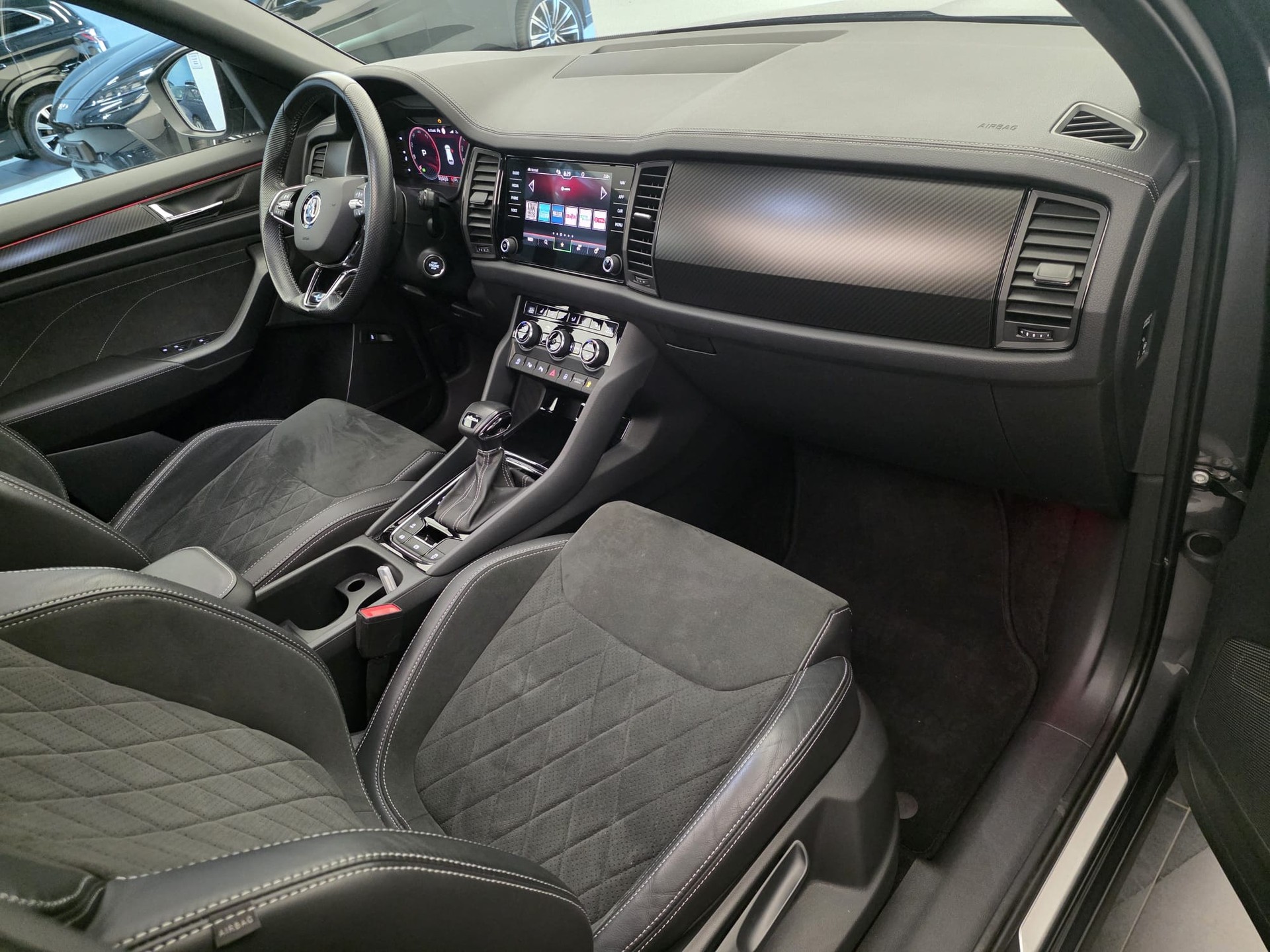 SKODA Kodiaq 2.0 TDI CR SportLine 4x4 DSG-image-11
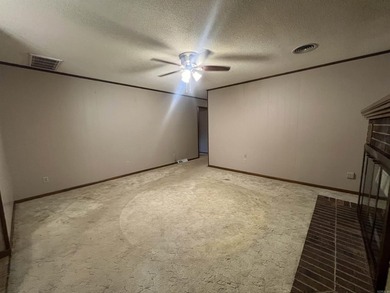 Move right into this beautifully updated 3 bedroom, 2.5 bathroom - photo 25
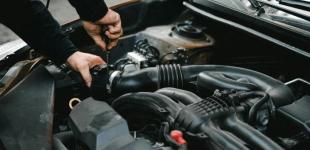 В Україні заборонили мити й ремонтувати авто у громадських місцях: які покарання можуть бути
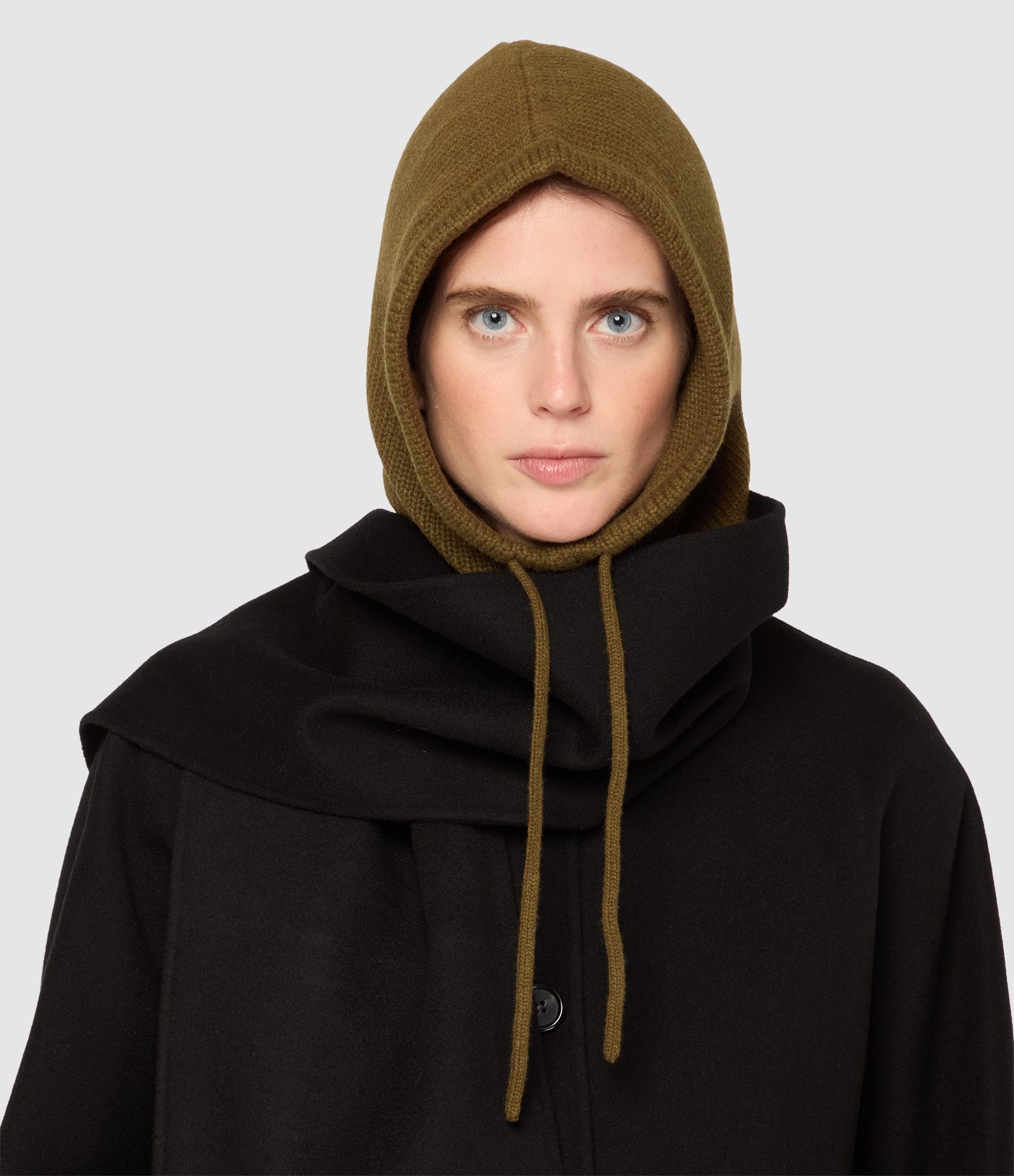Cagoule Cachemire À Cordons Suzon Olive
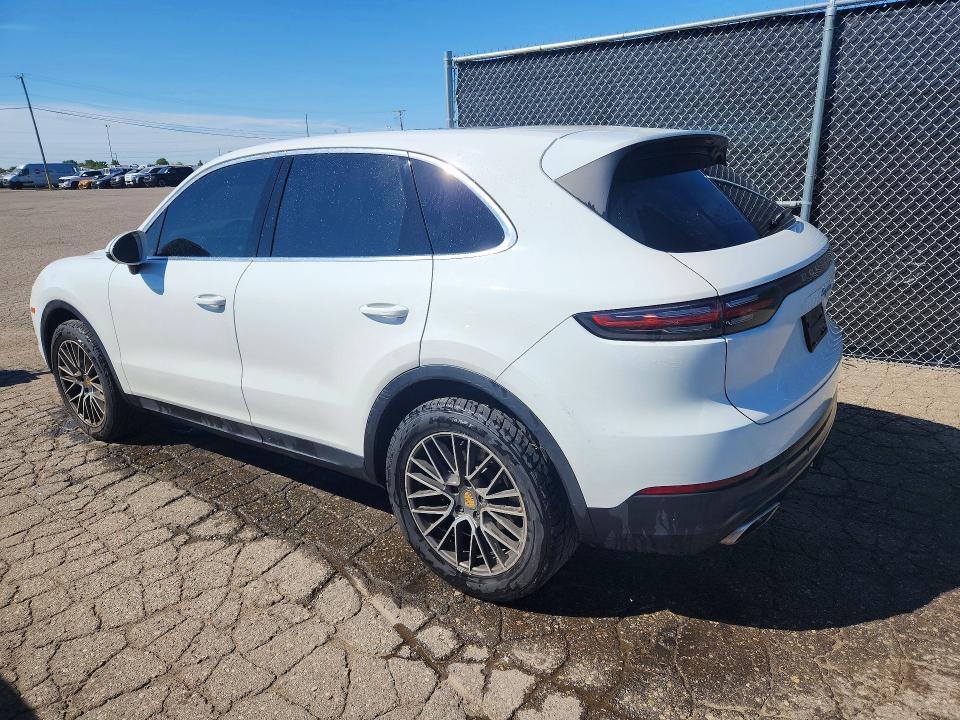 2019 PORSCHE CAYENNE — Фото 2 из 13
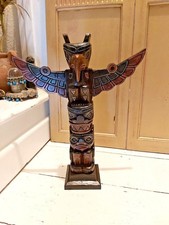TOTEM TOTEM IN LEGNO MASSELLO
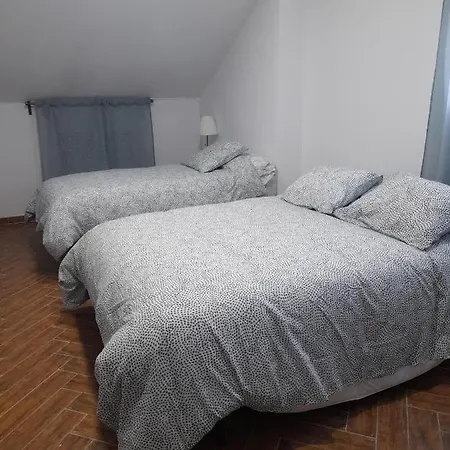Casa Independiente En Nervion Junto A Parada Del Metro Сasa de vacaciones Sevilla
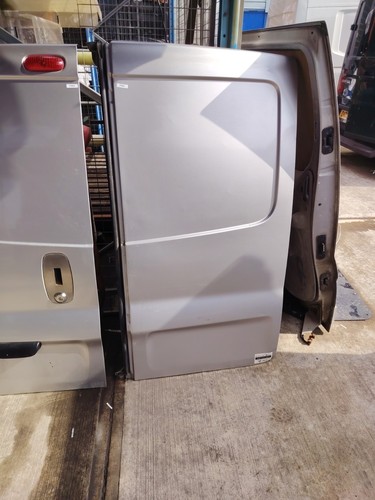 Vauxhall vivaro renault trafic - vauxhall,
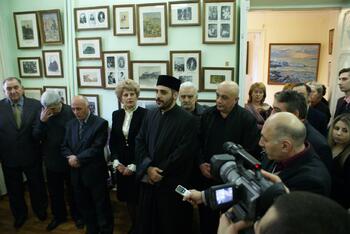 Выставка крымских армянских художников состоялась в Алуште DSC00421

• [THE TASK]
Pictures are not part of the answer, which must be the exact lines from the one holding "TOTEM TOTEM IN LEGNO MASSELLO" through the end of the material, both ends included.

• [RESULT OF THE TASK]
TOTEM TOTEM IN LEGNO MASSELLO
Casa Independiente En Nervion Junto A Parada Del Metro Сasa de vacaciones Sevilla
 Vauxhall vivaro renault trafic - vauxhall,
 Выставка крымских армянских художников состоялась в Алуште DSC00421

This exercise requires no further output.